In an effort to resist a Christian worldview that undermined the authority of his office, King Mwanga II insisted that Christian converts abandon their new faith and executed those who didn’t between 1885 and 1887. It is believed that at least 30 Catholic and Protestant went to their deaths. Twenty-two of the men, who had converted to Catholicism, were burned alive in June 1886 and later became known as the Uganda Martyrs. Among those executed were two Christians who held the court position of Master of the Pages, Joseph Mukasa Balikuddembe and Charles Lwanga. They had allegedly defied the king by rescuing royal pages in their care from ‘sexual exploitation’ by Mwanga.
King Mwanga II’s persecution of Christian converts, particularly those in his royal court, was fueled by a variety of factors. One of the main reasons was his fear of the growing influence of Christianity, which he saw as a threat to his traditional authority. Additionally, Mwanga was concerned that the missionaries and their converts were becoming too powerful and could challenge his rule. He also disliked the fact that Christian converts were adopting foreign customs and practices, which he saw as a threat to Buganda’s culture and traditions.
According to Assa Okoth, Mwanga’s overriding preoccupation was for the “integrity of his kingdom”, and perceived that men such as Lwanga were working with foreigners in “poisoning the very roots of his kingdom”. Not to have taken any action could have led to suggestions that he was weak.
It is during this time of religious conflict that rumours about King Mwanga II’s alleged relationships with his male pages began to surface, portraying him as a deviant and immoral ruler who engaged in homosexual acts.
One of the written records of Mwanga’s alleged sexual preferences was a letter by Alexander Mackay, a Scottish missionary who settled among the Buganda. The letter told the story of how a young page called Apollo Kaggwa had been punished for refusing to service the king.
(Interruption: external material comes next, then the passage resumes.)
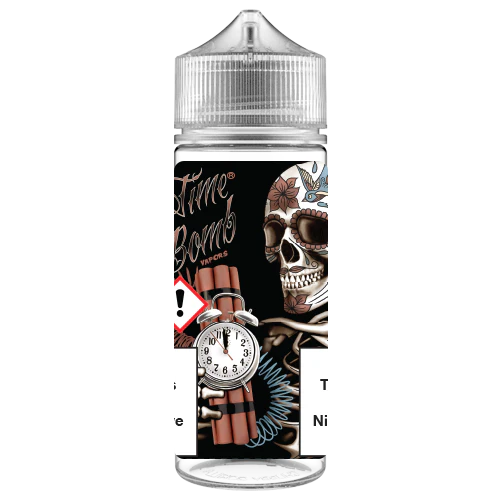 Time Bomb Vapors 120mL - Pixy - - Image 4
Additionally, Mackay claimed that the king had developed a marijuana addiction and was engaging in improper behavior with Arabs at court, from whom he had allegedly acquired the practice of homosexuality.
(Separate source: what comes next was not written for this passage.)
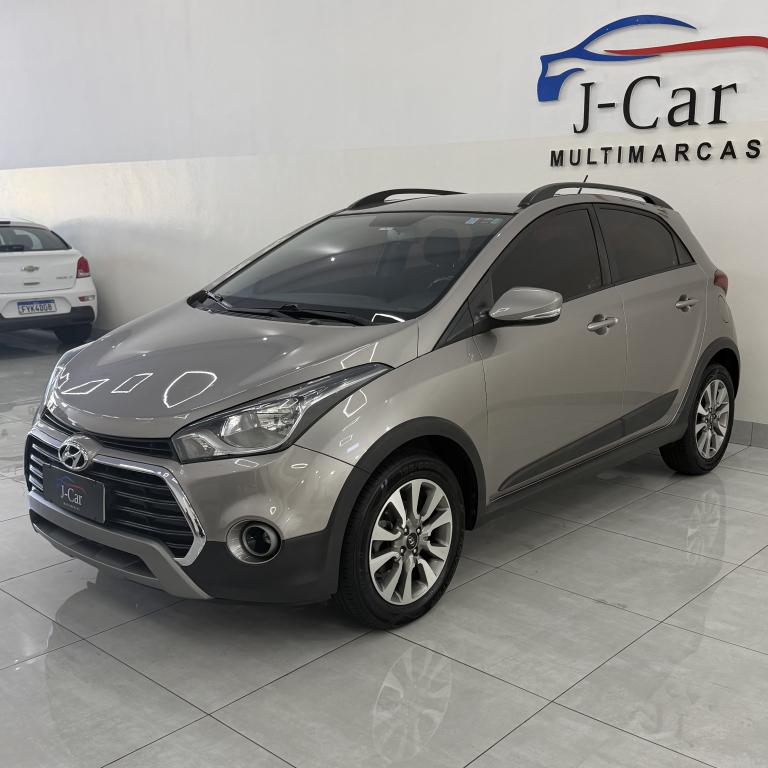 HYUNDAI HB 20 Hatch X - Foto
It is important to note that the historical evidence of Mwanga’s alleged relationships with his male pages is scarce and inconclusive. Many of the accounts were based on hearsay and testimonies from individuals with vested interests in discrediting Mwanga.
As the situation in Buganda became increasingly untenable for Christians, their plight caught the attention of the British, and in 1888, Mwanga II was deposed by a British-backed expeditionary force consisting of Christians and Muslims, which installed his brother as the new Kabaka of Buganda. Mwanga made several failed attempts to regain the throne, but his efforts were ultimately unsuccessful. He was eventually exiled to the Seychelles in 1899, where he died in 1903. While in exile, in an interesting twist of fate, he was received into the Anglican Church and was baptized with the name Danieri (Daniel). He died at the age of 35, leaving behind 16 wives and many children. His remains were repatriated and buried at Kasubi in 1910.
Despite his short reign, Mwanga II remains an important figure in Ugandan history, remembered for his resistance to colonialism and his commitment to preserving Buganda’s independence and traditions.